Certo che la situazione diventa davvero singolare e paradossale. Finalmente, c’era la possibilità, non dico di vincere, ma almeno di insidiare il primato del centro destra, attraverso un’ alleanza PD e Azione/Italia Viva, ed ecco che Calenda, invece di aprire un dialogo con il PD, butta addosso al PD la autocandidatura della Moratti, che nessuno, con un minimo di razionalità politica, potrebbe pensare che possa essere accettata dal PD.
Ma se volevano fare davvero una alleanza tra Terzo Polo, Moratti e PD, per battere il centrodestra, Calenda e Moratti non potevano chiedere degli incontri politici prima di lanciare la candidatura?
Una autocandidatura non è uguale a una candidatura
Posso capire l’ambizione della Signora Letizia Brichetto Arnaboldi Moratti, (72 anni), posso capire la sua ripicca contro il centrodestra, contro Berlusconi, Salvini e Meloni che non hanno mantenuto le promesse fatte, di farla diventare Presidente in cambio del suo soccorso alla Giunta di centrodestra del Pirellone.
Capisco anche che la Signora abbia le risorse per realizzare il suo egotismo da leader, che non ammette altra collocazione che quella di capo.
Capisco anche la campagna mediatica per cui si usano argomenti del tutto opposti: bisogna prendere la Moratti, per pescare nell’elettorato di centro o di destra, perché è poco di destra, oppure perché è ancora molto di destra; il servilismo di alcuni commentatori o intellettuali è una tradizione italica, peccato però che lei stessa dichiara, mentendo, di non essere mai stata di destra, ma da “sempre civica”.
Capisco anche che il PD è in preda a una confusione assoluta, sancita anche dalle uscite, fuori luogo, dei vari Zanda, Pinotto, che non sanno nulla di Milano e della Lombardia, ma parlano, perché si sentono portatori di un acume politico che gli elettori non hanno capito.
Capisco anche quelli che vogliono salire sul carro di quello che pensano sia il carro del vincitore, o della vincitrice.
Fino ad ieri c’erano quelli contrari ai partiti “personali”

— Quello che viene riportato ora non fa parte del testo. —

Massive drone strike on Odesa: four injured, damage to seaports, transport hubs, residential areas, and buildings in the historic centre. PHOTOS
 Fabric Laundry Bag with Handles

Capisco anche che le posizioni di quelli che fino ad ieri erano contro la “personalizzazione” dei partiti e della politica e che oggi con grande coerenza sostengono l’atto personale e personalistico di una autocandidatura, che vorrebbe partiti e gruppi sottomessi alla sua decisione. Si noti che la Signora ha preparato il simbolo, la sua lista e il suo programma da tempo, preparandosi al no del centrodestra alle sue richieste.
Capisco anche quelli che parlano di “pregiudizi della sinistra” se un partito, il maggior partito di opposizione, manifesta una questione di dignità, che non può essere stravolta da personalismi e da ambizioni personali, per di più disgiunti da una politica palese e chiara di dissociazione dal centrodestra.
E capisco anche che, per dirla con Ovidio, “tempus edax rerum”, il tempo divora tutte le cose: e quindi possiamo benissimo dimenticare come la Moratti ha fatto il ministro dell’Istruzione, o il presidente della Rai o il sindaco di Milano.
Posso anche capire perché gli articolisti pro Moratti non esaminino la sua attività negli ultimi due anni, alla sanità in Lombardia. Ma qui sta il punto principale, a mio parere.
Che cosa ha fatto Letizia Moratti in questi due anni come assessore al Welfare della Giunta di centrodestra?
Fare peggio di Gallera era operazione impossibile per chiunque.
Ma Letizia Brichetto Arnaboldi Moratti ha rilanciato la sanità pubblica ? Ha lanciato i presidi territoriali di prevenzione, cura e riabilitazione, una operazione che la vicenda del Covid ci ha indicato come prioritaria? Le liste di attesa per avere visite specialistiche si sono ridotte?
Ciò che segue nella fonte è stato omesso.